The report can now be shared via its URL. However, this is just a static snapshot of the data. Data may change over time as it is grows, is enriched or gets discarded, and your reports should reflect this changing data.

Power BI allows you to refresh the datasets your reports use. This refreshing can be triggered manually or on a set schedule. It does this by using the On-Premises Data Gateway. The Gateway acts as a bridge between the online report and your CrateDB data source, allowing the Power BI service to retrieve up to date datasets from CrateDB.

Configuring The Gateway

Within the Power BI service’s settings, select Manage Gateways:

../../_images/powerbi-manage-gateways.png

You should see the gateway cluster you set up. When you click Test all connections, you should see your cluster has the ‘Online’ status:

../../_images/powerbi-gateway-clusters.png

Click Add data sources to use the gateway. In the data source settings, name your datasource, select the ODBC type, and enter the connection ODBC connection string.

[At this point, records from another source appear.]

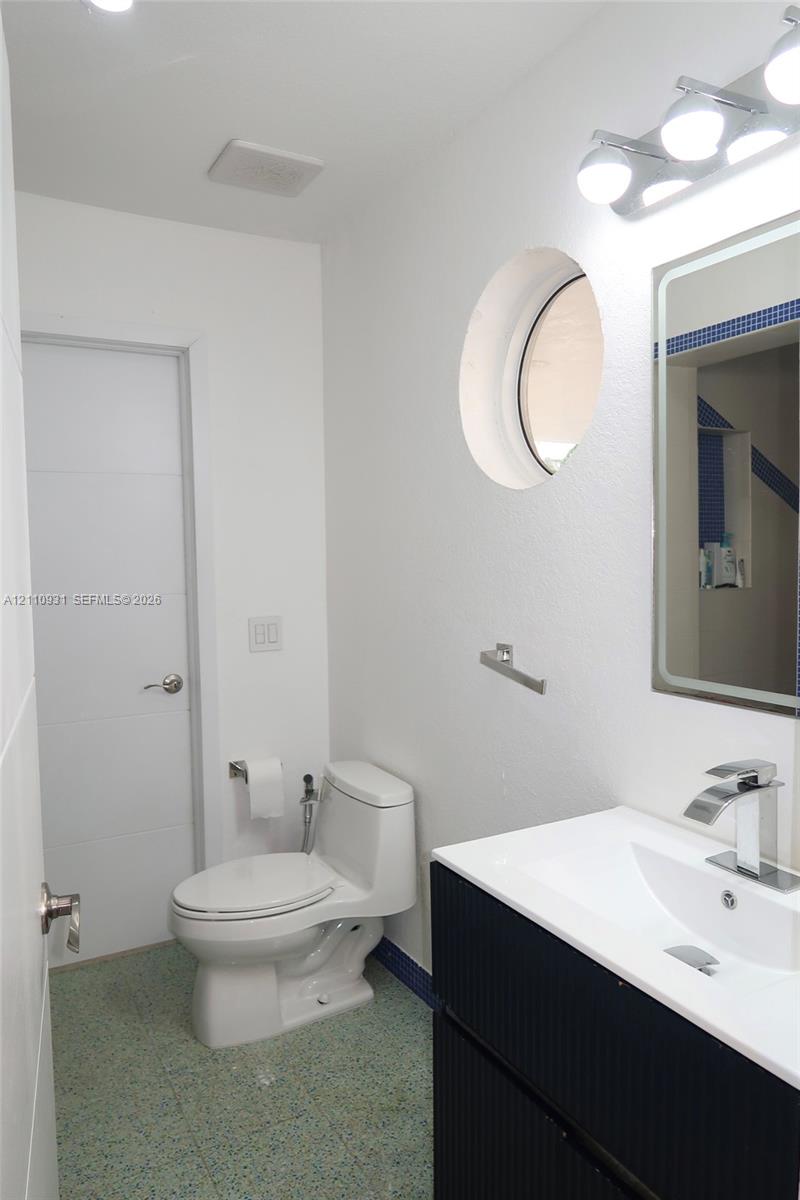 Bathroom featuring a black vanity with a white countertop and integrated sink, chrome-finish faucet, circular accent window, and wall-mounted vanity light fixture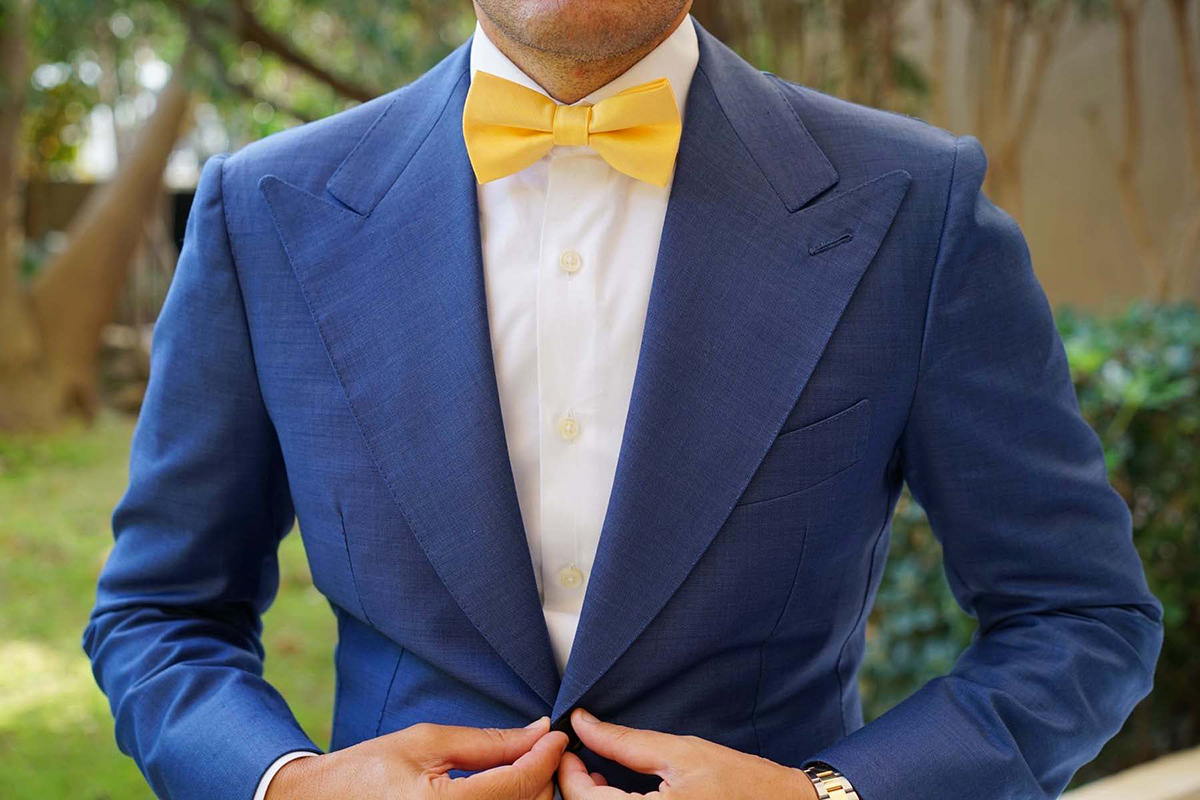 blue suit with a white shirt and yellow tie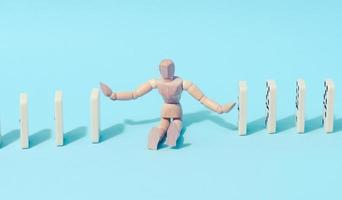 A wooden puppet toy holds back a falling domino on a blue background, representing the concept of a strong personality photo
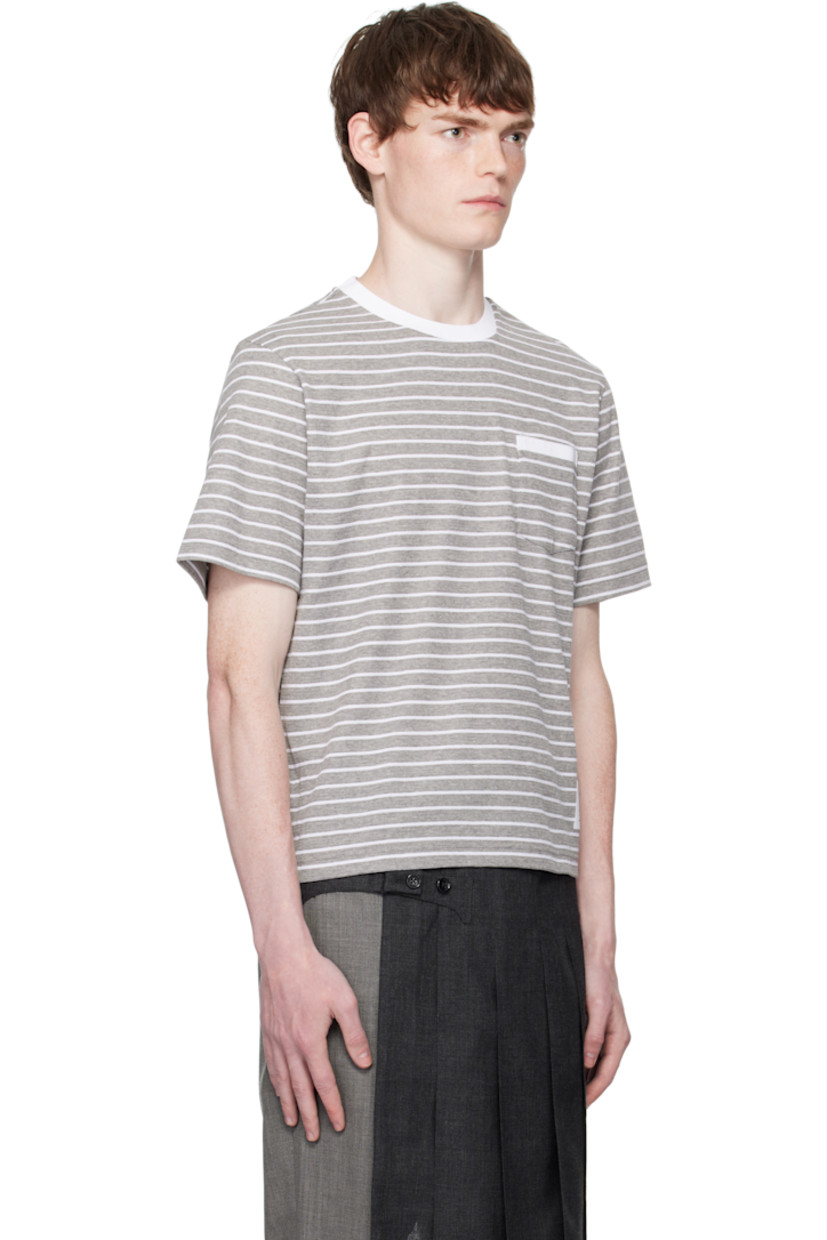 Rib-knit cotton T-shirt.

· Stripes throughout
· Rib-knit crewneck
· Patch pocket at chest
· Logo patch at front hem
· Button vent at side seams
· Tricolor grosgrain flag at back collar

Supplier color: Grey/White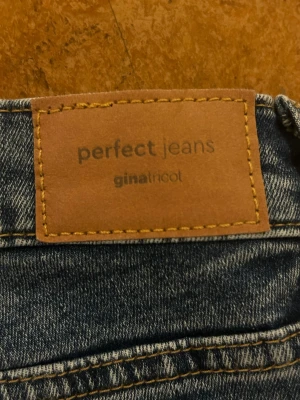 Blå Perfect Jeans från Gina Tricot - Säljer ett par klassiska blå jeans från Gina Tricot, modellen Perfect Jeans. De har normal midja, raka ben och snygga kontrastsömmar. Perfekta till vardagslooken och superenkla att matcha med olika stilar.
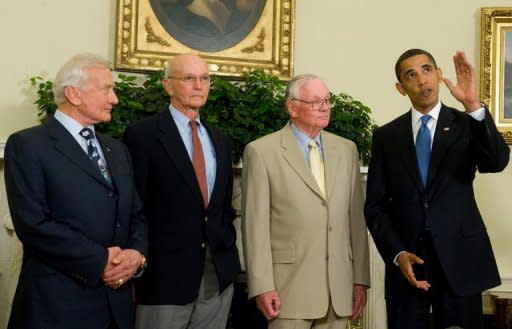 US President Barack Obama talks with the first man on the moon Neil Armstrong (2nd R), and fellow Apollo 11 crewmembers Edwin "Buzz" Aldrin (L) and Michael Collins at the White House on the 40th anniversary of the first human landing on the moon, July 20, 2009. Armstrong has died following complications from cardiovascular surgery. He was 82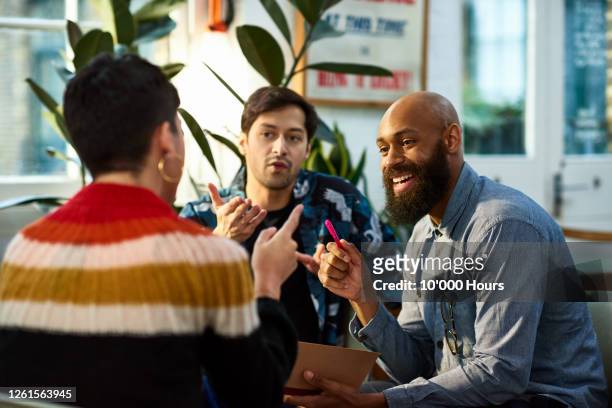 multi ethnic group sharing ideas in office - white collar worker stock pictures, royalty-free photos & images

The connection string will be whatever you named the DSN when connecting Power BI Desktop to CrateDB. In this case, it was CrateDB, so the ODBC connection string will be dsn=CrateDB.

Note

For this to work, the DSN should have been created as a system DSN, not a user DSN. If the connection test fails, verify that you have a system DSN on the machine that hosts the gateway for the CrateDB connection.

Hit apply, and if the settings are correct it will display that the connection was successful:

../../_images/powerbi-connection-successful.png

Once successful, go to the Users tab and select the users you would like to be able to access this data source to publish reports.

Now, navigate back to the Power BI Service and click on the extra options for your population report data set, and click Schedule refresh.

../../_images/powerbi-schedule-refresh.png

In the Gateway connection section of the dataset’s settings, configure the dataset to use the data gateway you set up previously and click apply:

../../_images/powerbi-gateway-connection.png

The report is now configured to use the gateway.

Modifying the Data

To demonstrate this refresh capability, you can modify the data in our CrateDB source. For example, your business could no longer be interested in data about Europe. You can delete this from your table via:

cr> DELETE FROM population_data WHERE region_name = 'Europe';

DELETE OK, 270990 rows affected  (2.125 sec)

Refreshing the Report

Now that the dataset powering our report has changed, you can refresh it. As before, click on the extra settings for the population report dataset, and click Refresh now.

../../_images/powerbi-refresh-now.png

If you navigate to the dataset settings, you should see that a refresh is in progress:

../../_images/powerbi-refresh-in-progress.png

Once it succeeds, you should see a message in its place about when the successful refresh occurred. Once done, you can navigate back to your report and refresh it to see the new dataset underlying the pie chart:

../../_images/powerbi-refreshed-report.png

As you can see, the report no longer contains ‘Europe’ as one of the regions.

Now that you have successfully refreshed the dataset, you can set up a scheduled refresh in the dataset’s settings, so that your reports can be updated periodically.